Lisdon Jules

Personal information
- Date of birth: 11 March 1990 (age 35)
- Place of birth: Grenada
- Position(s): Forward / Defender

Team information
- Current team: Hard Rock

Senior career*
- Years: Team / Apps / (Gls)
- 2013–: Hard Rock

International career^{‡}
- 2013–: Grenada / 6 / (1)

= Lisdon Jules =

Grenadian footballer

Lisdon Jules (born 11 March 1990) is a Grenadian footballer who plays as a forward for Hard Rock in the Grenadian Premier Division and the Grenada national team.

==International career==
Jules earned his first international cap at the 2013 Windward Islands Tournament, scoring once during a 2–1 victory over Saint Lucia. He made one more appearance in the competition, against Saint Vincent and the Grenadines. Grenada were the eventual champions.

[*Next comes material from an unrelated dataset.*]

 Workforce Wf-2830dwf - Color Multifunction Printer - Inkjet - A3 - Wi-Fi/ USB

He was also called up for the 2014 Windward Islands Tournament, and featured in two games.

He subsequently made two more appearances at the 2014 Caribbean Cup qualifiers, in matches against French Guiana and Puerto Rico.

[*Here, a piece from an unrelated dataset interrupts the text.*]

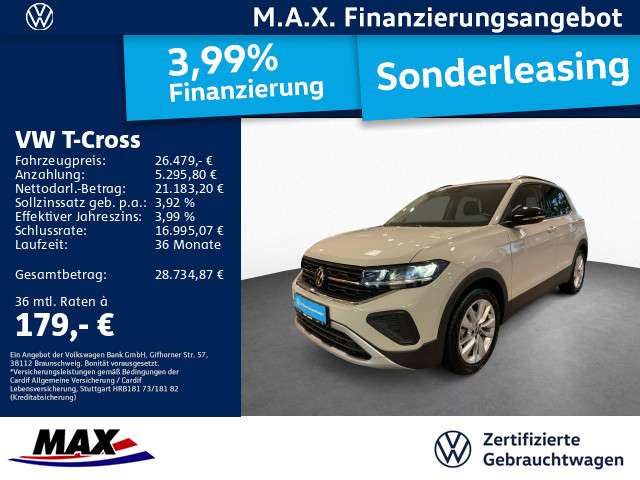 VW T-Cross 4.200 km 26.479 &euro; Offenbach 63071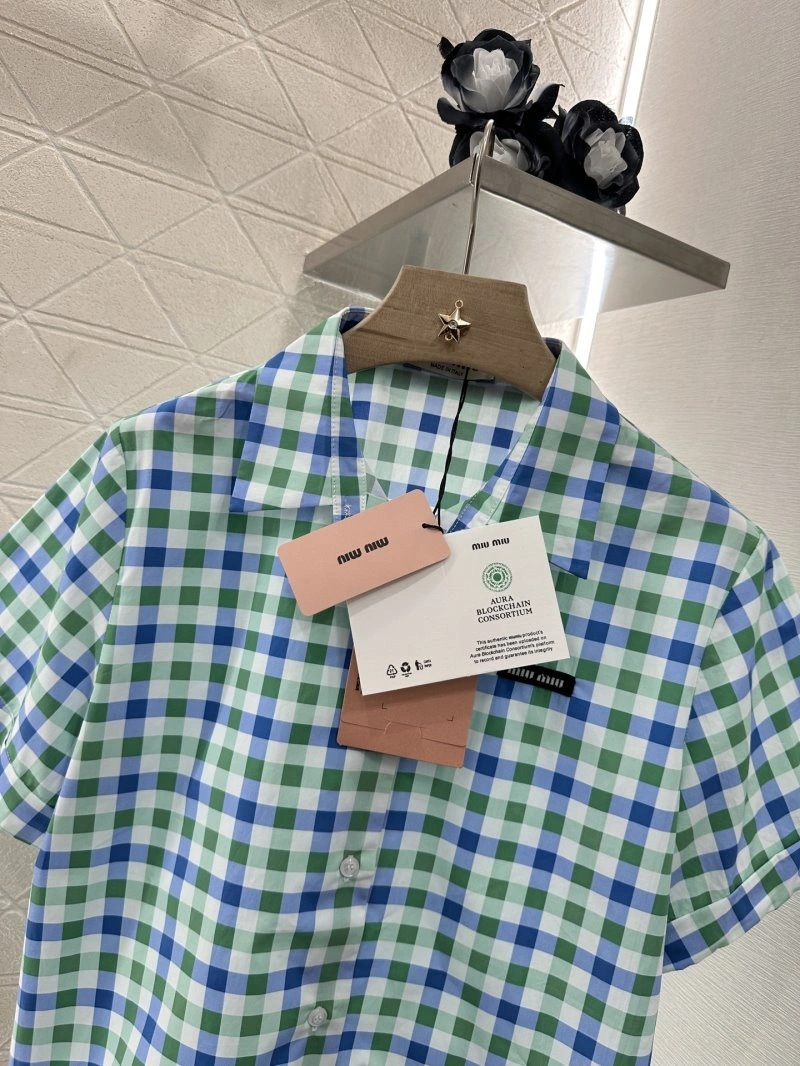 ZeroBulk Miu Miu Shirts 156274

In 2017, Jules was selected to represent national team yet again, ahead of friendlies against Trinidad and Tobago and Bermuda, although he stayed on the bench during both matches.

==Honours==

===Club===
- Hard Rock
- GFA Premier Division: 2013, 2016

===International===
- Grenada
- Windward Islands Tournament: 2013

== Career statistics ==

| National team | Year | Apps | Goals |
| Saint Lucia | 2013 | 2 | 1 |
| 2014 | 4 | 0 |
| 2015 | 0 | 0 |
| 2016 | 0 | 0 |
| 2017 | 0 | 0 |
| Total |  | 6 | 1 |

===International goals===
Scores and results list Grenada's goal tally first.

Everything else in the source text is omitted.